Programme à succès suspendu

Dans un contexte de pénurie de main-d’œuvre, la décision de suspendre ce programme, pourtant un franc succès, paraît contradictoire.

Le Québec peine déjà à retenir ses étudiants étrangers, la province accusant du retard face à l’Ontario notamment. Cette annonce n’augure rien de positif pour convaincre les étudiants étrangers de choisir le Québec comme terre d’accueil.

Considérez l’Ontario

Dans notre pratique de tous les jours, nous encourageons régulièrement les francophones à considérer d’autres provinces que le Québec.

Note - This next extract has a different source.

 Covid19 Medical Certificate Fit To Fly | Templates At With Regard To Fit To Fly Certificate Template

Non pas que nous ne souhaitons pas encourager la belle province dans ses efforts pour attirer des immigrants, mais la réalité du terrain fait en sorte que les embûches au processus d’immigration et les délais en sont un frein certain.

Même le nouveau portail Arrima a une «salle d’attente virtuelle»… une sorte d’avertissement de ce qui attend le candidat s’il postule au Québec!

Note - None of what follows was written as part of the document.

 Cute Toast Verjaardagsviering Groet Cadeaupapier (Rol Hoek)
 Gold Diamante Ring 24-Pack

MIDI – Nouvelle décision ministérielle

Mauvaise nouvelle pour les Jeunes diplômés du Québec, le MIDI vient d’annoncer qu’il suspendait temporairement la réception des demandes de Certificat sélection du Québec (CSQ) présentées dans le cadre du volet des Diplômés du Québec du Programme de l’expérience québécoise PEQ. Concrètement, le MIDI ne recevra plus de demandes de PEQ Étudiants entre le 10 juillet 2019 au 1er novembre 2019.

Voici le communiqué en intégralité :

Madame,

Monsieur,

Par la présente, nous souhaitons vous informer qu’en date du 10 juillet 2019, une nouvelle décision ministérielle a été publiée. Cette dernière modifie la Décision concernant la réception et le traitement des demandes de sélection pour les ressortissants étrangers de la catégorie de l’immigration économique et des demandes d’engagement présentées dans le cadre du volet du parrainage collectif du Programme de sélection des personnes réfugiées à l’étranger.

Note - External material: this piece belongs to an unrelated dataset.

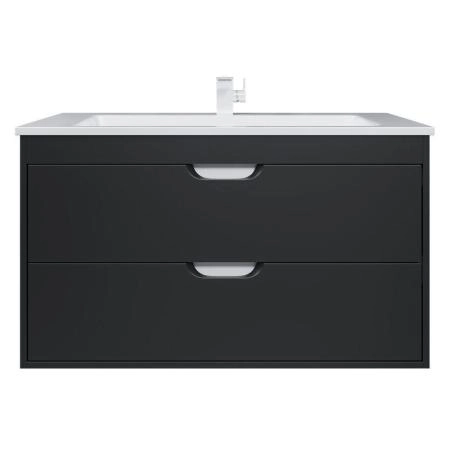 Тумба с раковиной для ванной Uperwood Modul 100 см, подвесная, матовая, черная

Par cette nouvelle décision, le ministre suspend temporairement la réception des demandes d’immigration permanente dans le volet Diplômés du Québec du Programme de l’expérience québécoise afin de donner la priorité à la sélection de personnes qui occupent un emploi au Québec au cours de cette période. Cette suspension est en vigueur du 10 juillet 2019 au 1er novembre 2019.

Au cours de la période visée par la suspension temporaire, les diplômés du Québec qui ont séjourné au Québec dans le but principal d’y étudier ne pourront pas présenter une demande au PEQ dans le volet Diplômés du Québec. Toutefois, s’ils respectent les exigences du volet travailleurs étrangers temporaires du PEQ, notamment celle d’avoir occupé un emploi pendant au moins 12 mois et celle d’être en emploi au moment de la présentation de la demande, ils pourront déposer une demande dans ce volet. Par ailleurs, pour pouvoir demeurer au Québec pendant cette période de suspension temporaire, les diplômés du Québec peuvent faire une demande de permis de travail postdiplôme auprès du gouvernement du Canada.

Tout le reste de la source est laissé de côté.